Un roman de Théodora Dimova publié aux éditions des Syrtes
Dans la Bulgarie postcommuniste, les destins de sept adolescents, élèves dans le même lycée, se croisent dans le chaos qui les entoure et les désarrois familiaux. En » mal de mère », Andreia, Lia, Dana, Alexander, Nicola, Deyann et Kalina vivent, chacun à leur manière, les souffrances de l’enfance ou la démission des parents. Dans ce chaos, le rêve d’une vie meilleure est incarné par Yavora, leur nouveau professeur, qui sait écouter et panser toutes les plaies. Et surtout garder l’espoir, malgré tout. De cette rencontre, les adolescents sortiront transfigurés mais détruits. Mères a été inspiré à son auteur par un fait divers d’une violence inexplicable dans un lycée bulgare, signe que dans cette société toutes les limites ont été dépassées. Le roman suscite beaucoup de questions d’une terrible actualité et son titre est exemplaire: comment être mère lorsqu’on a été soi-même brisée par l’arbitraire ou lorsqu’on a eu un enfant trop jeune et pas vraiment désiré ? L’écriture de Dimova, au rythme effréné, haletant, bouscule les conventions et nous laisse bouleversés et sans voix. Mères confirme ainsi la naissance d’un grand écrivain qui mérite d’être découvert par le public français.

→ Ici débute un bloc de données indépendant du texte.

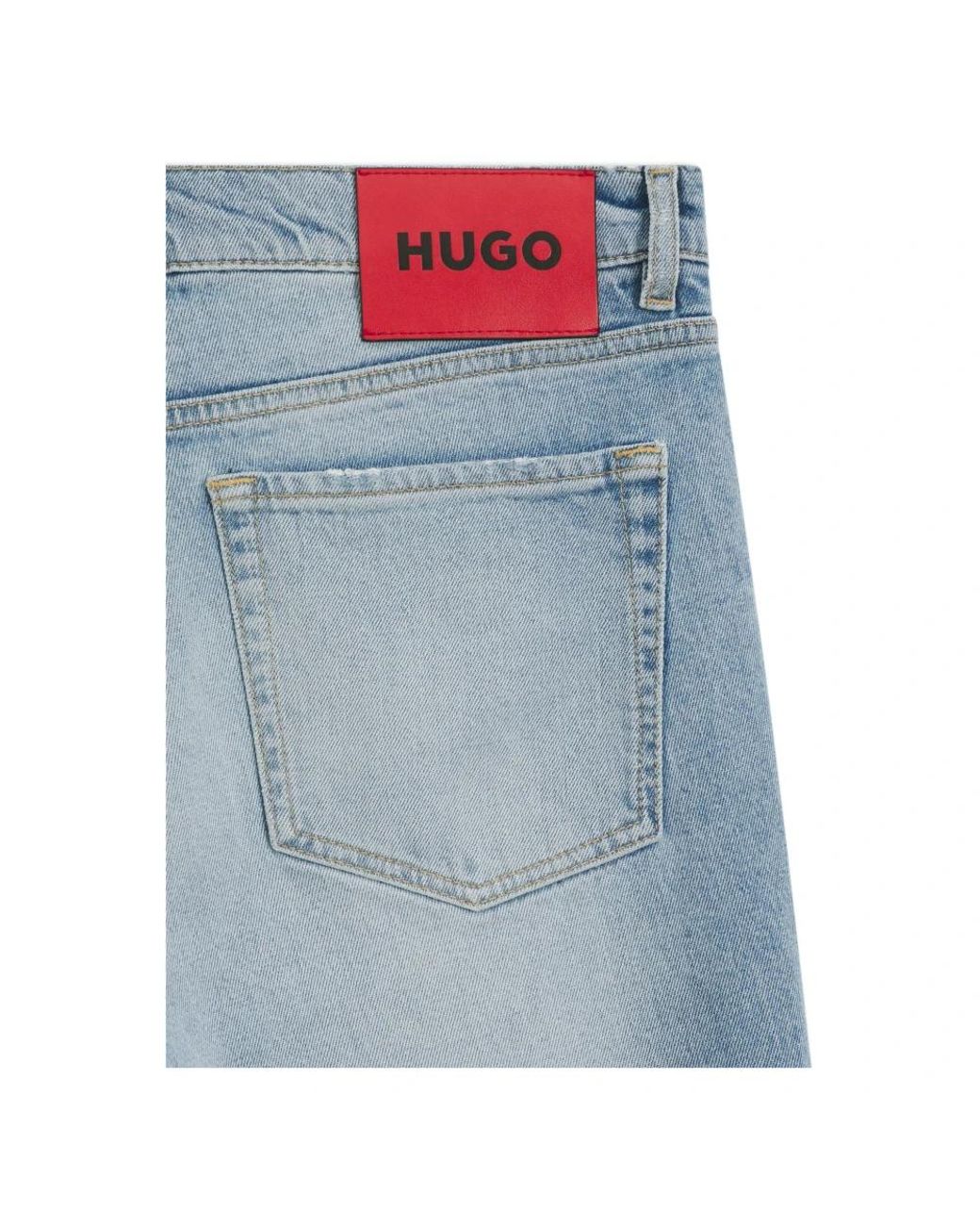 HUGO Blue Loose-Fit Jeans for men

Uppercut. En pleine face. Un écrin de noirceur.
Sofia, capitale de la Bulgarie.
Plusieurs adolescents, autant de chapitres et de témoignages, dont le seul point commun serait d’avoir des parents défaillants : dépressifs, alcooliques, indifférents.
Un nom revient dans leurs récits : Yavora. Une femme mystérieuse. Point de lumière de leurs existences sacrifiées. Qui est-elle ? Quel est son lien avec les enfants ?
Récit âpre, inspiré de plusieurs faits divers, prétexte pour dénoncer les travers de la société bulgare. La corruption, la mafia, la pauvreté et l’alcoolisme…autant de calamités dont les premières victimes sont ces jeunes, tiraillés, meurtris là où ils devraient être protégés.
Comment pourront-ils grandir, ne pas reproduire le schéma familial qui leur est imposé?
Même si les adolescents sont le point d’articulation du récit, les mères en sont l’épicentre.
Sacrifiant leurs carrières à leur maternité, elles en ressortent aigries. Elles sont dépassées par leur propre douleur. Accaparées uniquement par leur propre vie ou alors trop occupées à trouver un moyen de survivre pour pouvoir s’occuper de leurs enfants.
Elles sont l’objet de l’amour et du dévouement de leurs enfants mais elles sont également celles qui leur infligent les plus profondes blessures.
Yavora apparaît, elle, comme une figure maternelle de substitution mais elle semble si irréelle. Une sorte de métaphore de ce que l’amour parental devrait être.
Cette opposition rend le drame inévitable…
Une belle porte d’entrée pour moi à la littérature bulgare et que je vous conseille.
Est-ce que tu m’aimes, maman.
Je ne sais pas si c’est de l’affection, Andreia. Lorsque tu n’as aucun désir de faire quoi que ce soit pour ton enfant. Lorsque la seule chose qui compte au monde, c’est ton propre malheur.
Et papa, tu l’as aimé ? Non, bien sûr que non.
Mais alors, pourquoi l’as-tu épousé ?
Tout le monde se mariait. Moi aussi, je devais en faire autant.
Et tu n’as jamais été heureuse avec lui ?
Après une longue réflexion : Non, je crois que non, je crois n’avoir été heureuse que dans les buissons, lorsque je prenais les coccinelles.
Andreia et Christina se taisent. Elles se regardent dans les yeux. Elles ressentent leur attachement, leur dépendance mutuelle.